* Dataset excerpt *
**********

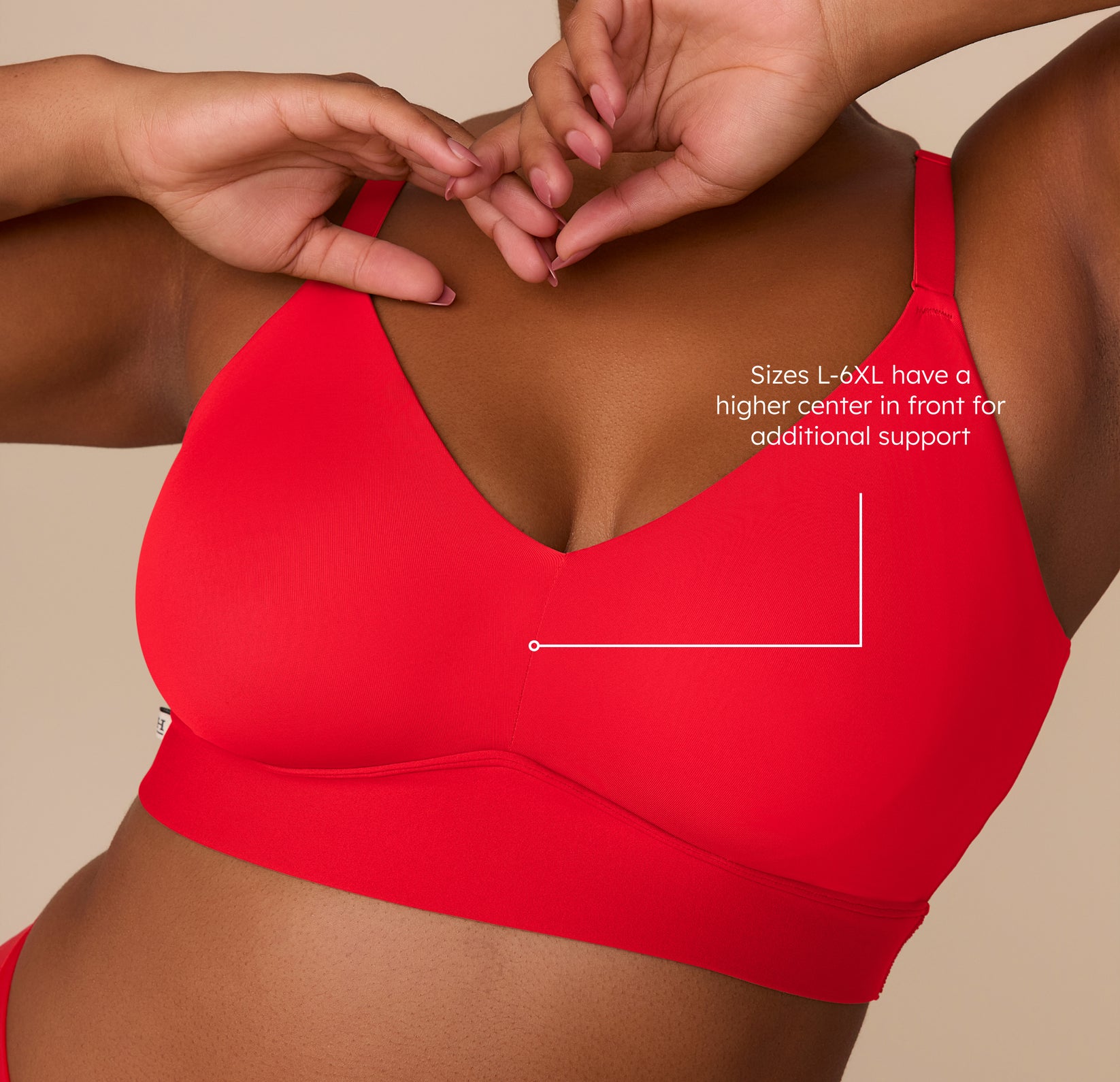 Detail shot of the Bliss Triangle Bralette in Cherry worn by Zarria, featuring a callout note that sizes L–6XL have a higher center  in front for additional support. The image highlights the bralette’s fit and construction.
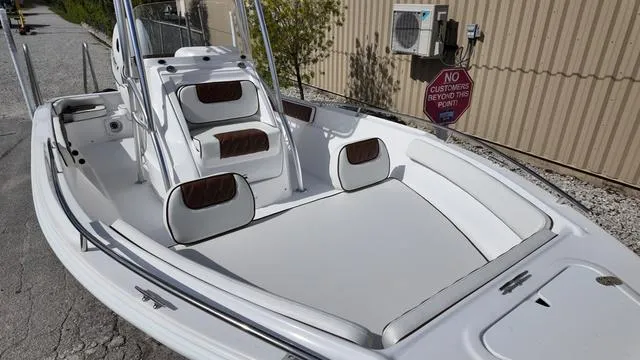 Slide: The Image of 2025 ALK2 22CRX boat with white seating and brown accents, docked outdoors. - 11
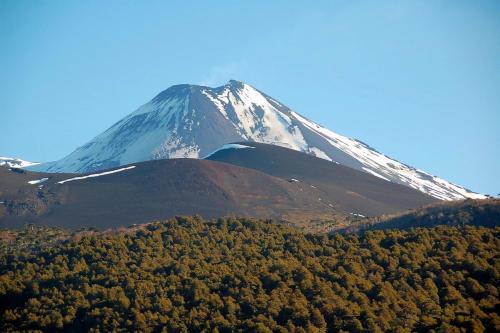 a snow capped mountain with trees in front of it at Antu relajo y natura in Curacautín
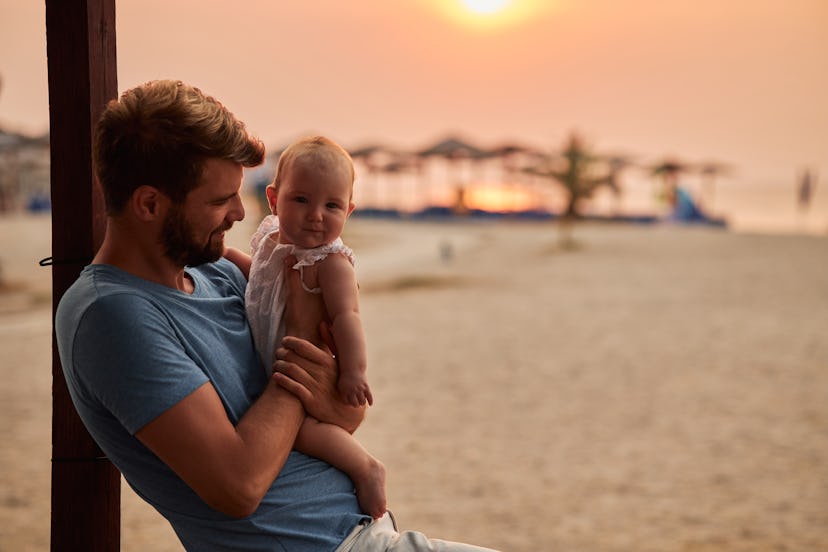 Young father and baby enjoying a tropical paradise beach during sunset.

**********

Only the lines from the one containing "Slide: The Image" through the last line of the data above, both included, belong in the reply, each restated exactly and without pictures.

* Solution to the problem *
 Slide: The Image of 2025 ALK2 22CRX boat with white seating and brown accents, docked outdoors. - 11
 a snow capped mountain with trees in front of it at Antu relajo y natura in Curacautín
 Young father and baby enjoying a tropical paradise beach during sunset.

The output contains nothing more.